The average cost of capital is the amount of money a company must pay in order to secure debt or equity financing. For example, bond coupons are the interest payments a company makes to investors holding this instrument. The cost of capital for equity represents dividends on preferred stock or the share price growth rate on common stock. To figure the average cost of capital, a company can add the bond coupon amounts and dividend payments together and divide by the total amount secured in for financing.

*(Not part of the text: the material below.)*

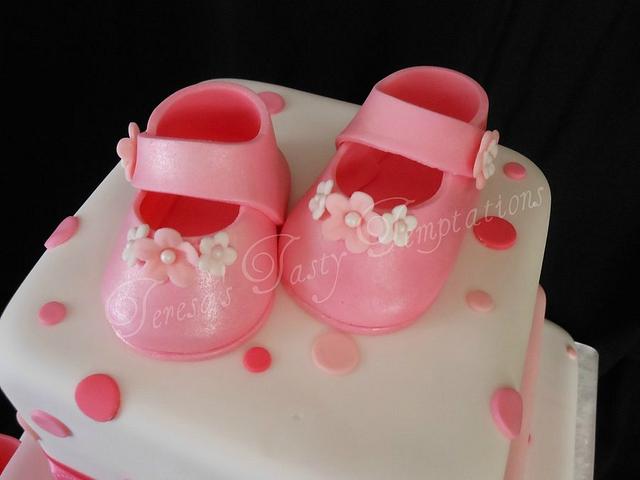 Pink modern baby shower cake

For example, assume a company issues bonds with a coupon rate of $1,000 US Dollars (USD) and issues preferred stock with dividend payments of $500 USD. Both figures represent annual payments. The total amount secured for outside financing is $20,000 USD. The annual average cost of capital is 7.5 percent (1,000 + 500 / 20,000). Therefore, if the company agrees to a three-year plan for this financing option, it will have a total cost of capital of 22.5 percent (7.5*3) on the $20,000 USD. Companies offset the cost of capital by investing the $20,000 USD into business operations that will generate more sales revenue and profits. This helps pay for the cost of capital.

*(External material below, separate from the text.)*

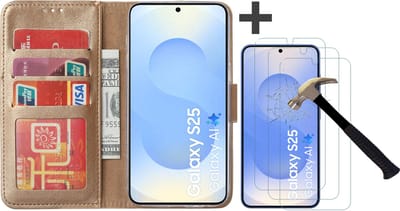 Hoesje met 3 Stuks Screenprotectors Geschikt voor Samsung Galaxy S25 – Arara bookcase met pasjeshouder - Goud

Companies calculate their average cost of capital as this figures is an operating expense. Starting new business operations or purchasing new major operational assets typically requires external funds. Large organizations or publicly held companies typically have several financing options. Therefore, determining the average cost of capital is important as each type of loan or equity funds will have different impacts on their company.

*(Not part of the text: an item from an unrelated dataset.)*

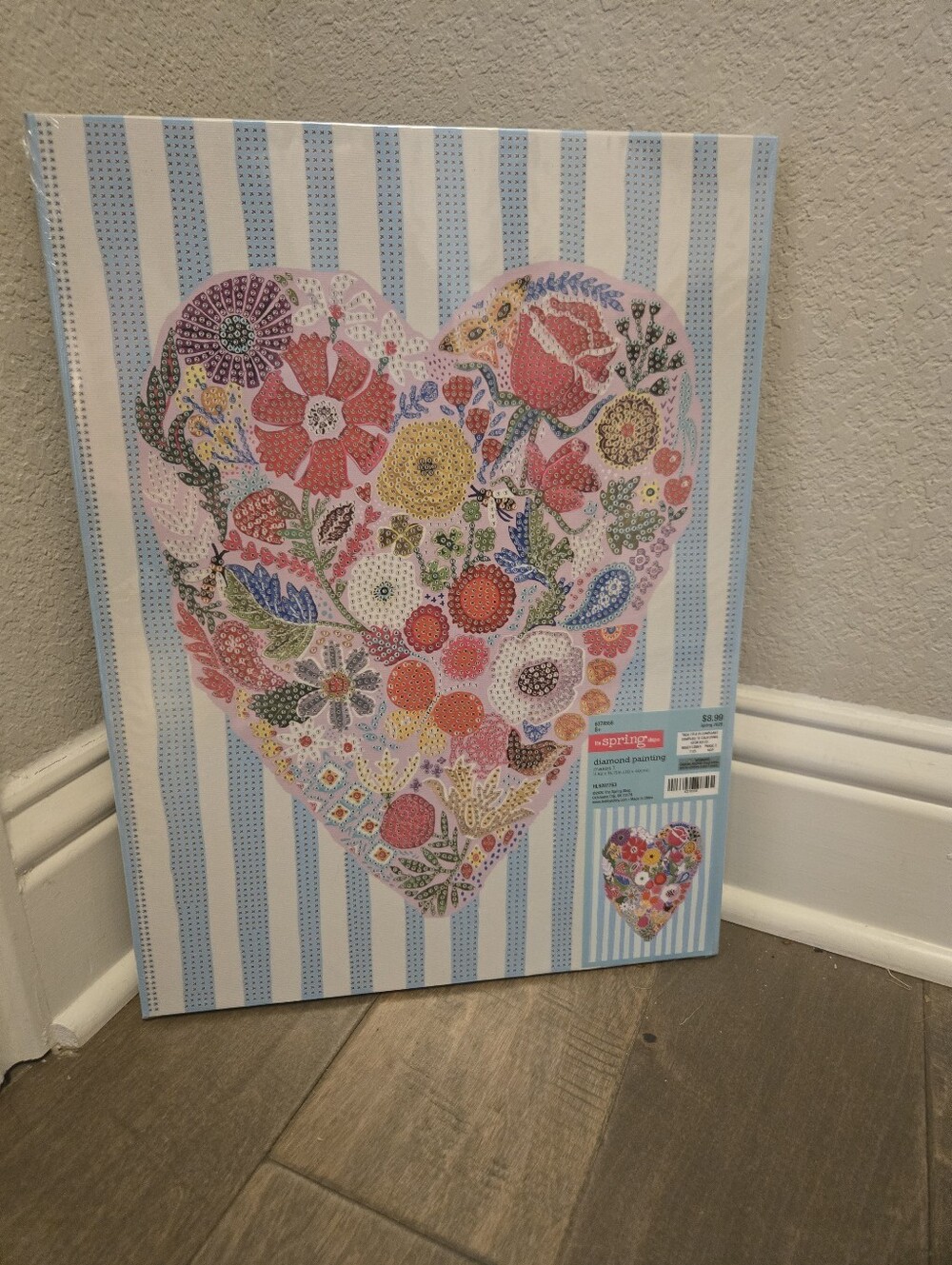 Diamond Art, Diamond Painting Mounted On Canvas, Heart & Stripes, Full Kit New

Another common formula for calculating the average cost of capital is the weighted average cost of capital (WACC) formula. This is a common finance formula that adds weight to each portion of debt and equity financing used in the process. The $20,000 USD represents $12,500 USD in bonds and $7,500 USD in preferred stock. WACC focuses on the interest rates paid for external financing. The interest rates for each financing type are 10 percent for bonds and 7 percent for equity, respectively. The WACC for this project is 8.9 percent annually (((12,500/20,000)*.10) + ((7,500/20,000)*.07)). This focuses solely on interest rates, which are a common cost of capital used for other finance formulas.
Most companies compare their cost of capital to the return on investment from various projects. This allows for owners and managers to have a quick figure to compare with each new business opportunity. For example, projects with a return of investment less than 8.9 percent will be rejected in favor of projects over 8.9 percent.